Brando’s nonchalant attitude towards the public is not one that we see very much in Hollywood – or in Washington, D.C. Careerism is the order of the day. Seemingly everyone is trying to figure out how to get rich and/or famous, preferably with as little friction as possible. Reality TV has always been chockablock with people trying to figure out the next outrageous thing they can do to raise their own profile and keep those eyes glued to the screen. So, the expensive drinks get hurled in people’s faces, the hair gets yanked, the messy brawls erupt in restaurants and sound stages. What’s worse, the political world has adapted the style and tone of reality TV, and now we have people with actual power behaving like reality show contestants.  

Today, everyone’s seemingly in show biz, in one way or another. Or trying to “build their brand” in various ways. It’s pretty much expected in a market economy. Hence the incessant posing and preening on social media, the courting of controversy for its own sake, the exultation of the self in the hopes of attracting a following. A lot of empty gestures. The real question for actors should be: Where’s the art? What are you really bringing to the audiences you’re courting? Perhaps the mark of true quality is to never be satisfied with oneself, to never feel like you’ve reached the ideal, to always be gesturing towards the murkier depths of the self, a place where things are neither pretty, easy, or comfortable. Not easily marketable, especially if you don’t know what you’re doing.    

Eventually, Brando became disillusioned with acting, trashed the line of work in bizarre interviews, explained that he was bored with the whole thing, and denigrated it as the lowest occupation there is, suitably only for phonies. Which is protesting too much. He was probably mostly motivated by his own tediousness and his genuine hatred of being famous. He shared that sentiment with other countercultural heroes, people who might have been ok with being popular but never desperately sought the spotlight, wisely valuing privacy and authenticity.  

Maybe this is the mark of someone with the right priorities, who isn’t in it for attention, or glory, or to have their name on everyone’s lips. One refrain I keep hearing these days, both on social media and in real life, is people complaining they aren’t as popular as they’d like to be. Maybe in some way people take that attention for granted, assuming they are more interesting than they really are. Everyone’s the hero of their own little drama and they’re miffed at the low ratings.    

Late in life, Brando notoriously holed up on his private island in Tahiti and grew bloated on his own disdain, seeming to think of his career as a sham. He only emerged for the occasional huge payday, to appear in a Superman movie or a Michael Jackson video. When he did go out and make a movie, his performance was filled with self-parody, with mixed results at best. If the director couldn’t tell the difference between a heartfelt performance and great technique, then he didn’t owe them his best work. I don’t think that his rejection of the mainstream was entirely motivated by noble intentions. He just didn’t care — Brando brought fart machines to the set.     
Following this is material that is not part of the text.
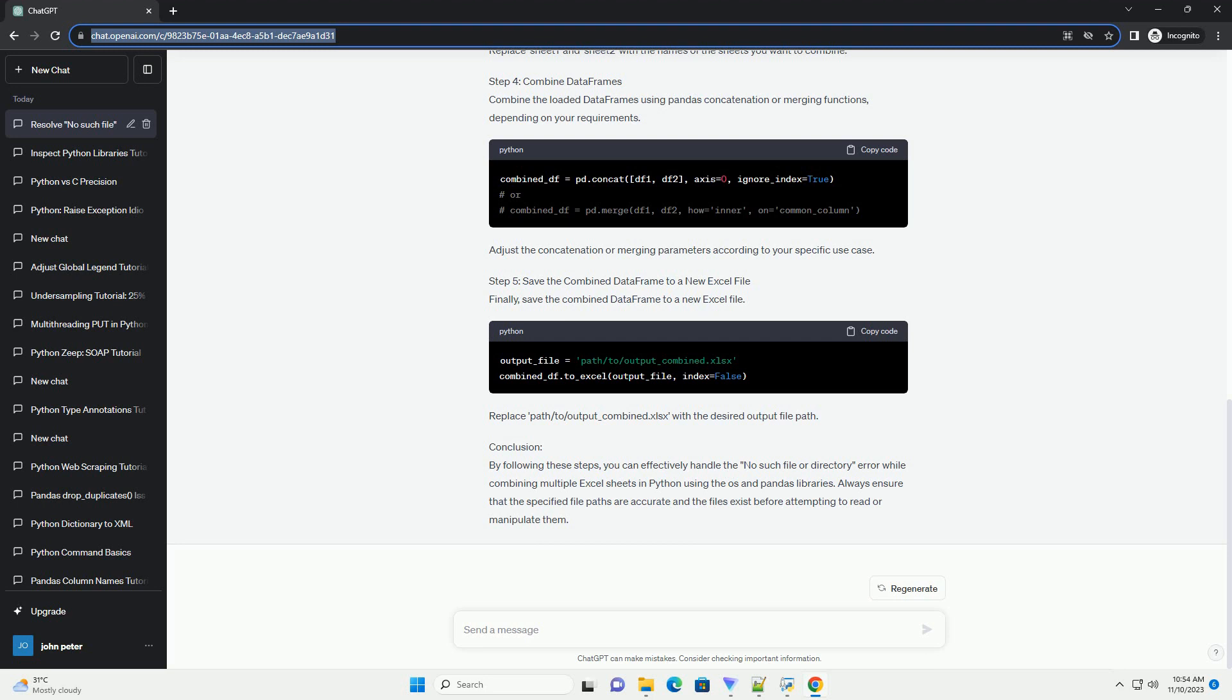Conclusion: By following these steps, you can effectively handle the no such file or directory error while combining multiple Excel sheets in Python using the OS and Pandas libraries. Always ensure that the specified file paths are accurate and the files exist before attempting to read or manipulate them.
His stunt at the 1972 Oscars, sending an indigenous people’s activist named Sasheen Littlefeather to accept his award for The Godfather and condemning Hollywood’s portrayal of her people, might have come from good intentions but didn’t really do much other than infuriate John Wayne and liven up the routine back-patting of an awards show. Throughout his career Brando felt that movies were worth very little compared to the power of political activism, which he enthusiastically engaged in throughout his life, stridently advocating for civil rights when it wasn’t a career booster.    

I recently saw a snippet of his 1989 interview with journalist Connie Chung where she earnestly says to him that he’s considered the greatest actor of all time. He rolls his eyes and says that this is “part of the sickness of America.” It’s clear what he means: Why does it always have to be a competition? What does that sickness even mean, anyway? One could argue that it might be easy for Brando of all people to say, given how much he had accomplished and how indifferent he had become to the outside world.  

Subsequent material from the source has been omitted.